1. We zorgen er samen voor dat iedereen zo goed mogelijk kan leren op school.
Dat doen we door…
- te zorgen dat de lokalen en andere ruimtes altijd netjes worden achtergelaten.
- schade meteen te melden en te verhelpen.
- te zorgen dat het leren goed georganiseerd is (en het duidelijk is wat en wanneer er geleerd moet worden).
- te zorgen dat leermiddelen op orde zijn.
2. We zorgen er samen voor dat iedereen zich veilig kan voelen op school.
Daarom…
- gebruiken we media op een verantwoorde manier.

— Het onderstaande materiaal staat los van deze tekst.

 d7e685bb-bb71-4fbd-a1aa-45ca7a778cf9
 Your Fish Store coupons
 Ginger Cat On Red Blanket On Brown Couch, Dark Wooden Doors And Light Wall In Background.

- maken we contact en groeten we elkaar.
- ondersteunen we elkaar (als iemand dat nodig heeft).
- pesten we elkaar niet en maken we geen ruzie.

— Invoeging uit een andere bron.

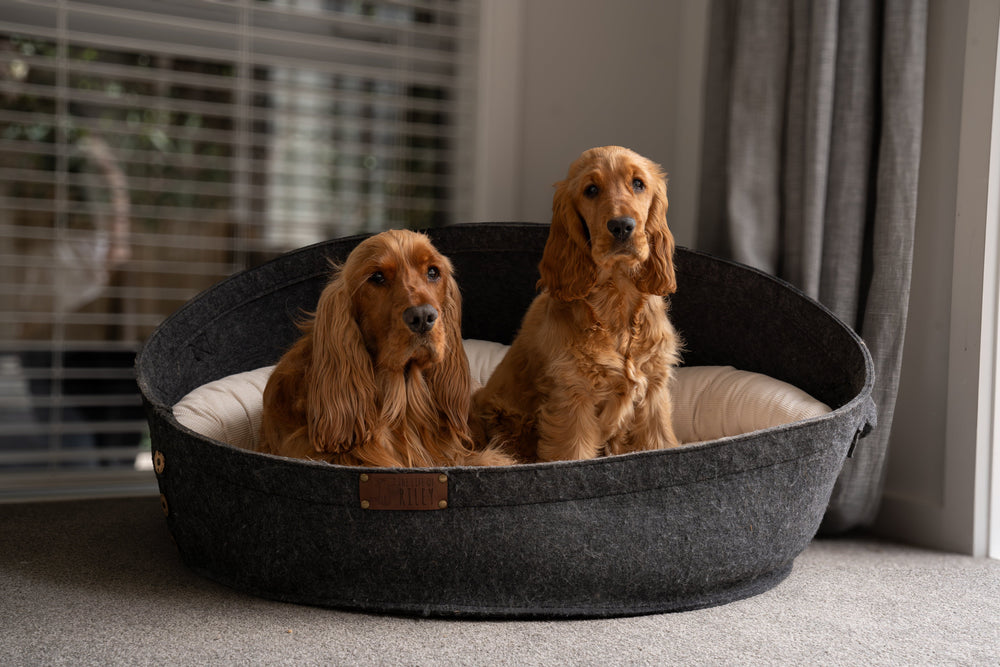 Why Life of Riley is New Zealand’s #1 Sustainable Choice for Dog Beds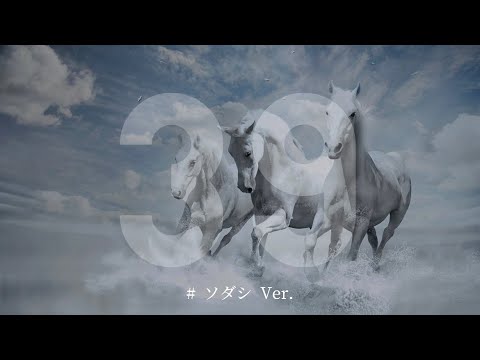 2023.05.14   白毛　ソダシ　東京11R   ヴィクトリアマイル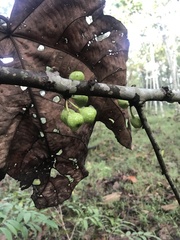 Ficus fistulosa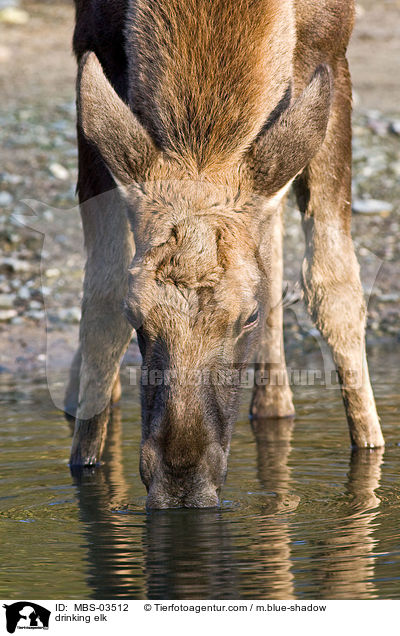 trinkender Elch / drinking elk / MBS-03512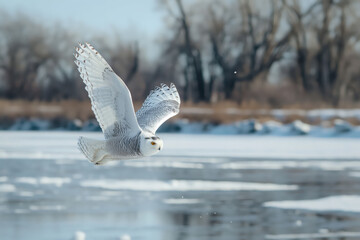 Wall Mural - Snowy owl flying low over frozen lake in winter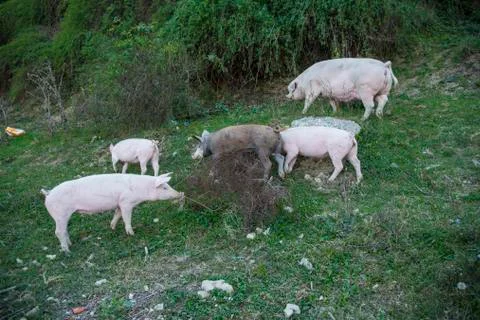 Pigs playing in the field Stock Photos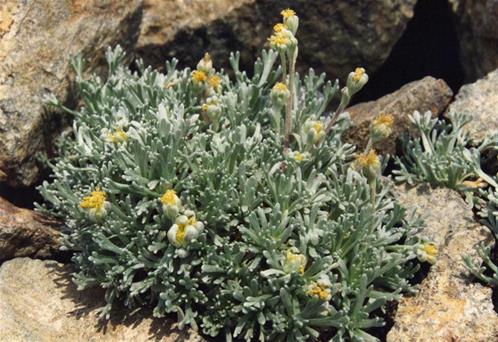 Artemisia_umbelliformis.jpg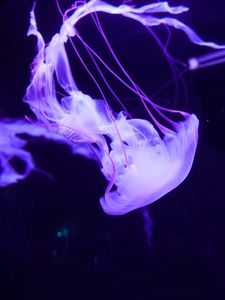 Превью обои медуза, подводный мир, щупальцы, плавание, сиреневый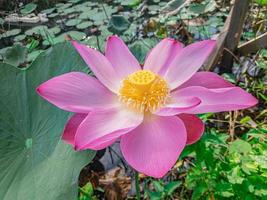 rosa lotus blomma stänga upp naturlig. foto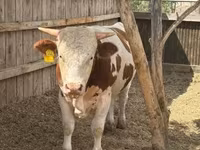 Byk, Węgierska szara rasa — zdjęcie 3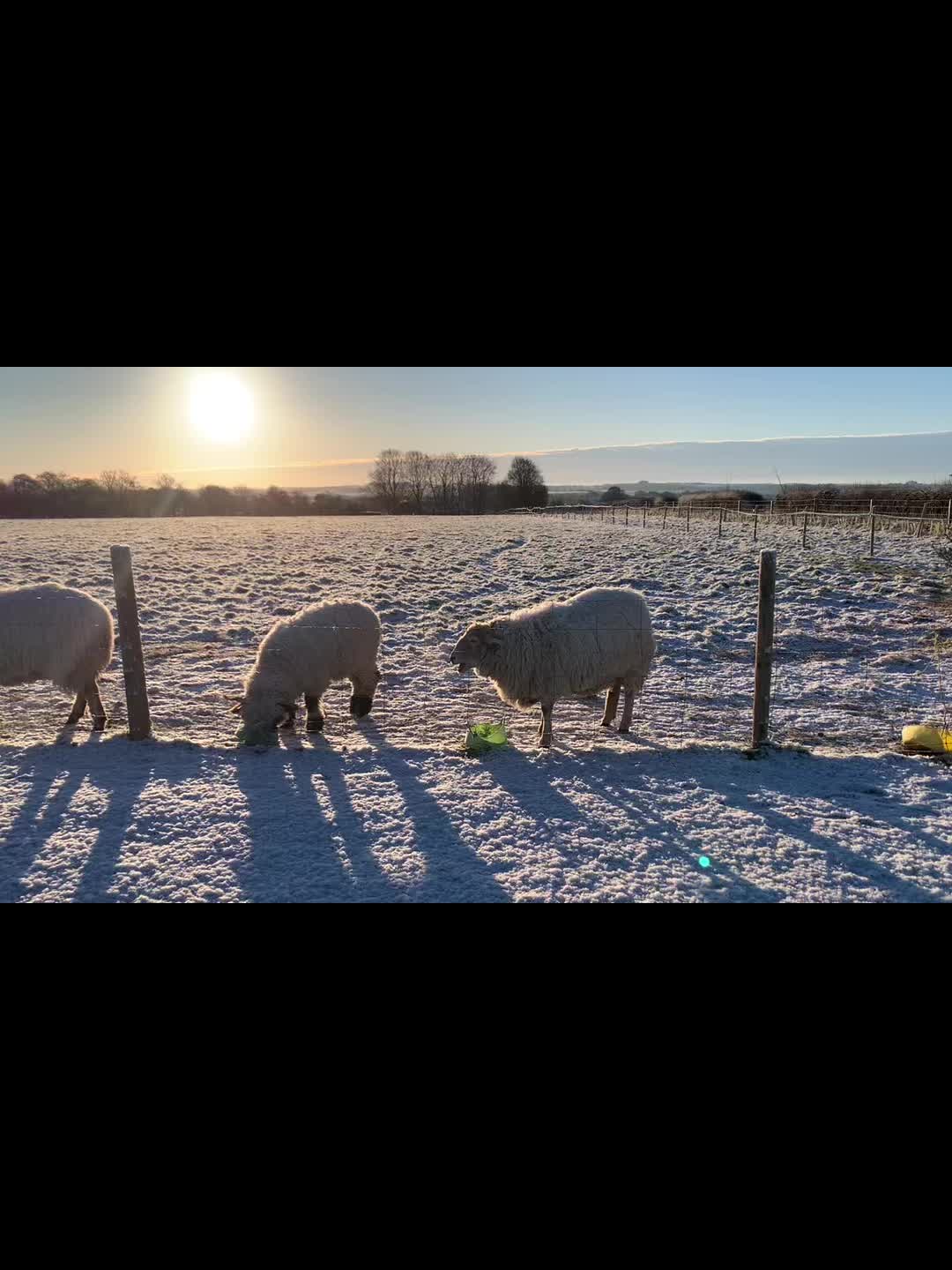 @Walnut Tree Farm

- behandelen we elkaar gelijk.
- zijn we zuinig op elkaars spullen.
- praten we Nederlands met elkaar.
3. Om misverstanden te voorkomen luisteren we goed naar elkaar.
Goed luisteren betekent…
- dat we niet meteen een oordeel klaar hebben.
- dat we elkaar laten uitpraten.
- dat we altijd checken of we de ander goed hebben begrepen.
4. We spreken elkaar op een goede manier aan als iets beter kan.
Dit doen we door...
- elkaar positief te benaderen.
- elkaar, bij voorkeur, mondeling en persoonlijk aan te spreken.
- uit te leggen wat er beter kan.
- de kans te krijgen om ons te verbeteren.
5. Om te zorgen dat de omgangsregels blijven leven in de school, besteden we daar veel aandacht aan.
Dat doen we door…
- zelf het goede voorbeeld te geven.
- er veel over te praten in de lessen, tijdens ouderavonden en in de personeelsvergaderingen.
- door ‘lastige’ situaties met elkaar te bespreken en elkaar op weg te helpen.
- open met elkaar te spreken over verbeteringen van onze omgangsregels.